Kingsdale School

What to do: old ‘60’s wreck of a school; building that needs updating? You cover over its central courtyard with inflated pillows and locate a new school hall for 1000 students right at the heart, crossing the court with a new bridge to promote better flows. The outcome is an iconic gesture that has them standing in the aisles.

The architects tell us that the scheme is of national importance: “The proposal exploits the potential of the existing building, and superimposes a vast, new transparent roof over the internal courtyard. This has facilitated new dining facilities, assembly and performance spaces, improved circulation, and social activities”.

But does the emperor have real clothes? It was in the Hawthorne experiments of the 1920’s that behaviourists first found out that the implied flattery in attention will ensure an increase in productivity regardless of whether physical conditions are made better or worse.

Other London schools worthy of the specialist’s interest include:

• Jubilee Primary; Tulse Hill, SW2; Allford Hall Monaghan Morris, 2002. (It has a special emphasis on hearing impaired learning.)

• Kings Avenue School, Kings Avenue, SW4; Shepheard Epstein Hunter, 2002.

In addition, there is Foster’s Business Academy Bexley, Yarnton Way, Erith (east of Greenwich); Foster & Partners, 2003.. . but being a business, they don’t like visitors!

Foster has a similar academy school in north London: Capital City Academy (below), Doyle Gardens, NW10; Foster & Partners, 2003, (Willesden Green tube).

Stealth House. What doesn’t show externally is the clever mix of new building work appropriating parts of the house formerly here. Otherwise, this is a good example of new work with vaguely contexturalist overtones.

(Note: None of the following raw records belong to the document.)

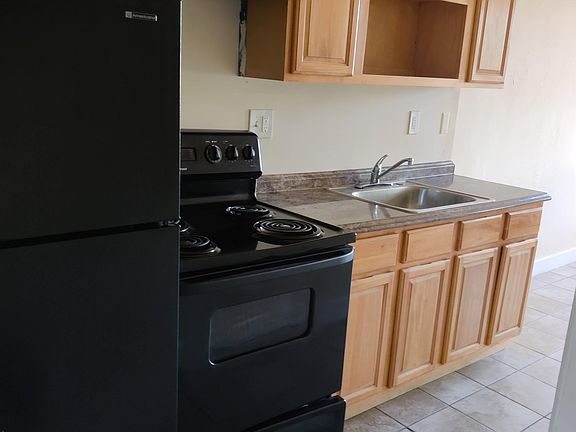 3rd image of 453 N 50th St APT 3E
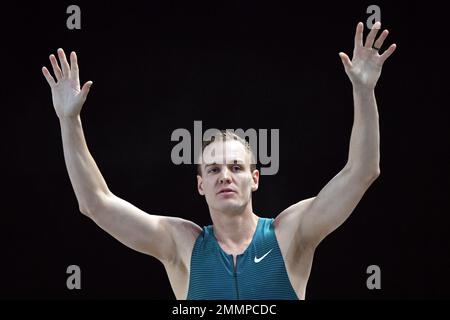 Duesseldorf, Germania. 29th Jan, 2023. Sam Kendricks dagli Stati Uniti compete nel concorso pole vault. Credit: Federico Gambarini/dpa/Alamy Live News Foto Stock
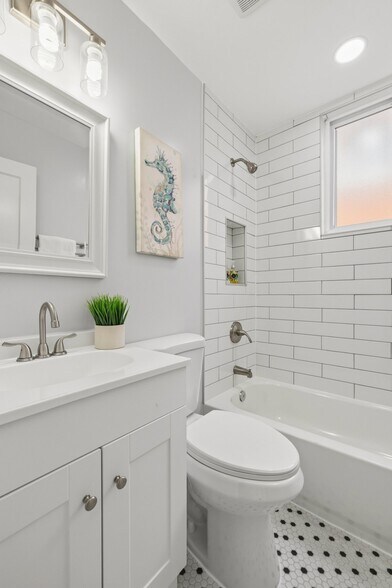 Building Photo - 204 Webster St NE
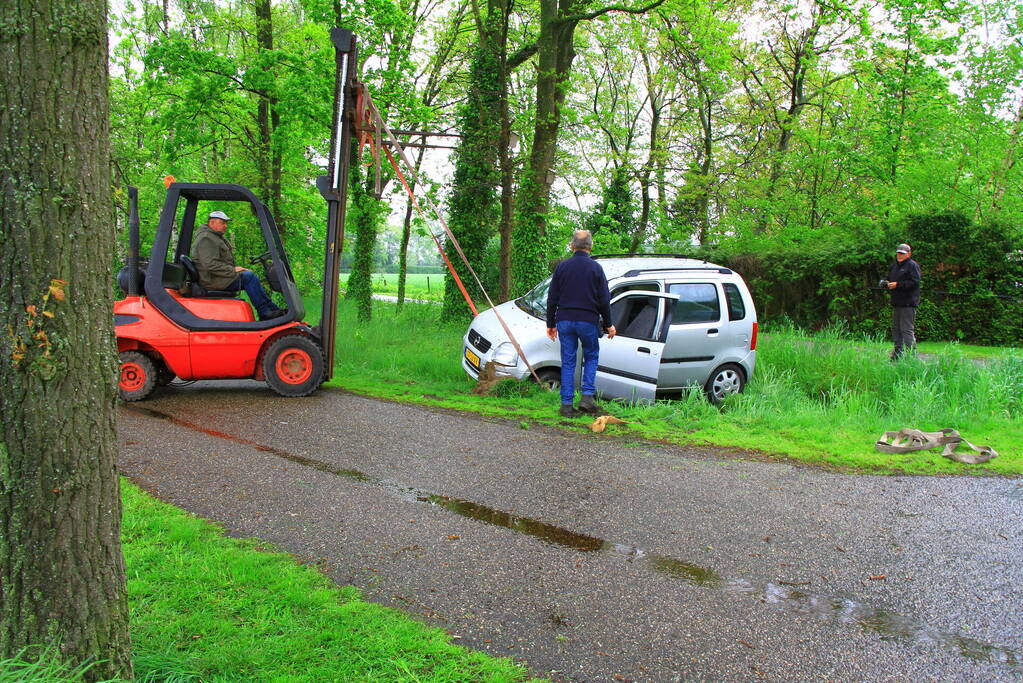 Auto belandt in de sloot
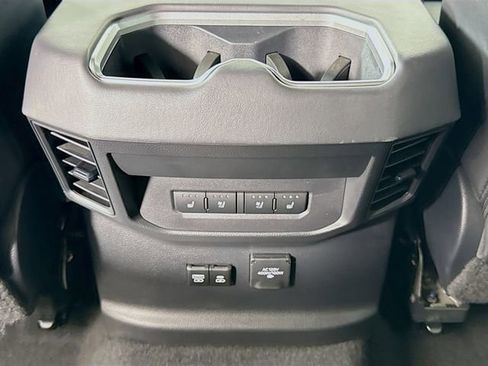Used 2024 Toyota Tundra Platinum AWD/4WD image 25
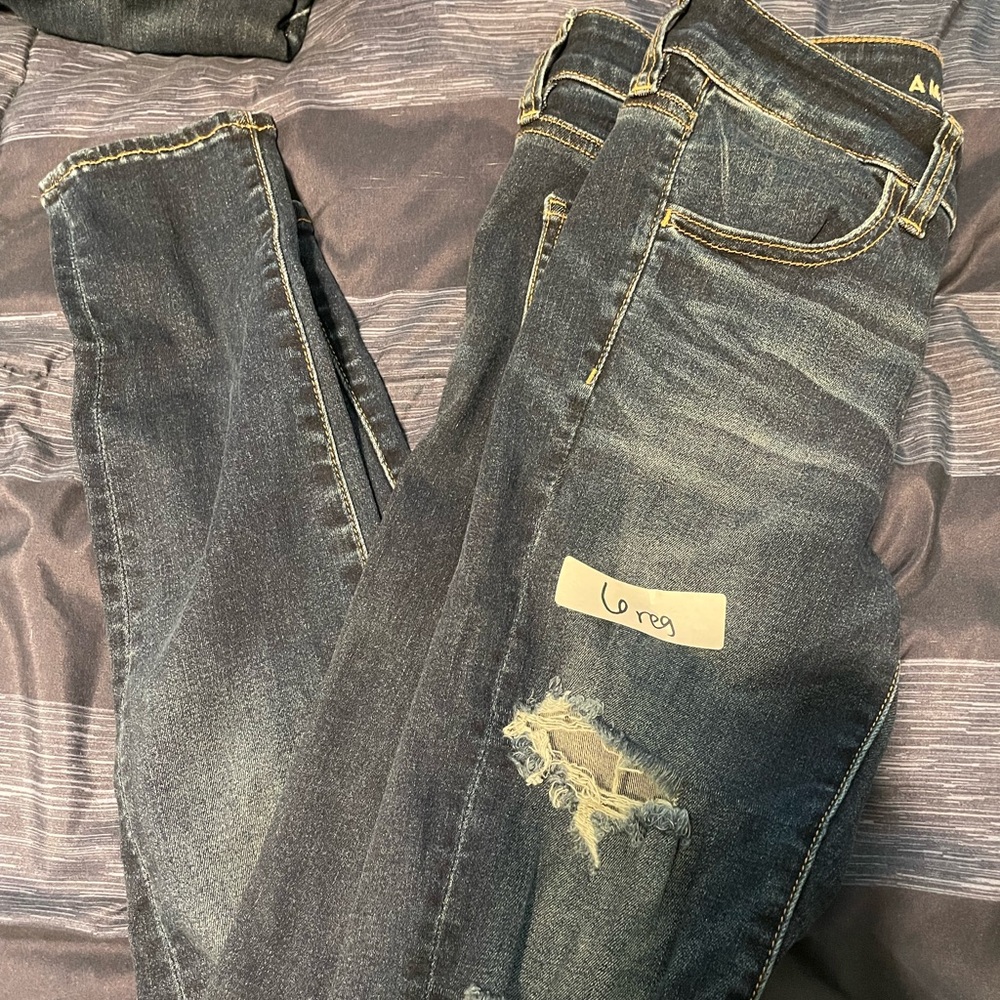 American Eagle destroyed skinny jeans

(But what is it about Daarth Vader/ stealth planes and architectural fashions from Tadao Ando to Robert Dye? Is the stealth in the strategy of realisation, a cunning design, the styling? 122 Grove Lane, SE5; Robert Dye Associates, 2004; Rail:

Denmark Hill)

This band stand (Crystal Palace, SE26; Ian 8 Ritchie Architects, 1997) is one of the better examples of architectural design in London – a witty, considered exercise in using Corten steel to blend the accommodation and protective / sound reflecting structure of this moated, summer band ‘platform’ into the landscaping of the park. It is redolent with C18 landscaping values and also references to Richard Serra’s work, but it has an almost abstract quality, as if Ritchie had produced the simplest diagram possible and built it (a diagram for a presentational platform, protected against vandals, with massive, built-in electronic acoustic

support, principally from two speaker towers at either side of the platform). It is at once sculptural and practical, heroic and intimate. But try and see it on a summer’s day, when a band is playing, not in a grey London winter.